Страдалица! тебя я вижу — вижу,
Как, прислонясь к холодному стеклу,
Ты, слабая, больная, устремила
Недвижный взор в осеннней ночи мглу,
Холодную, глухую, как могила…
Вблизи кружок подвыпивших солдат —
Брань, песни, смех, цинические шутки…
Чт_о_ в них тебе? В твоих ушах звучат
Призывные стенания малютки.101
Скорбная тональность, демократический пафос, реалистическое изображение безобразной окружающей обстановки — всему этому Вейнберг учился у Некрасова. И, переводя Коппе, он как бы транспонировал его произведения по имеющимся русским образцам. При этом он, в сущности, пересказывал французские оригиналы. В приведенном примере он сократил текст в полтора раза за счет изъятия деталей, казавшихся ему излишне натуралистическими, а переведя повествование из третьего лица во второе с обращениями ‘страдалица!’, ‘ты’, усилил его мелодраматическую эмоциональность.

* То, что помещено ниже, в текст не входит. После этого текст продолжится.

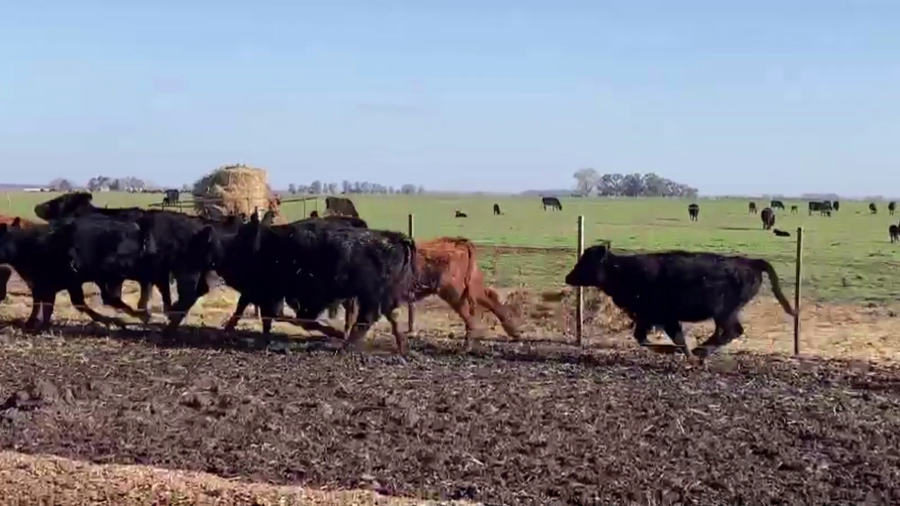 Lote 110 TERN. HEMBRAS, TANDIL, BS. AS.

Заметим попутно, что Вейнберг был не единственным переводчиком, ориентировавшимся на Некрасова. Некрасовские интонации, как уже отмечалось, встречаются и в переводных стихах Михаловского.102
Важное место в наследии Вейнберга занимает драматический перевод. Он перевел 23 пьесы, из них 9 — Шекспира, 2 — Шиллера и 2 — Байрона. Большой любитель театра, участник любительских спектаклей, автор разного рода драматических опытов, Вейнберг был чуток к театральному слову, и его драматические переводы обычно благозвучны, удобны для декламации. Его перевод ‘Отелло’ долгое время считался непревзойденным. Шекспировские выражения стали крылатыми в русском языке в интерпретации Вейнберга: ‘Она меня за муки полюбила, А я ее за состраданье к ним…’ или ‘Чудовище с зелеными глазами’ (о ревности). А. А. Блок, отрицательно относившийся к нему как к переводчику Гейне, тем не менее утверждал, что в переводе ‘Отелло’ ‘едва ли кто победит Вейнберга’.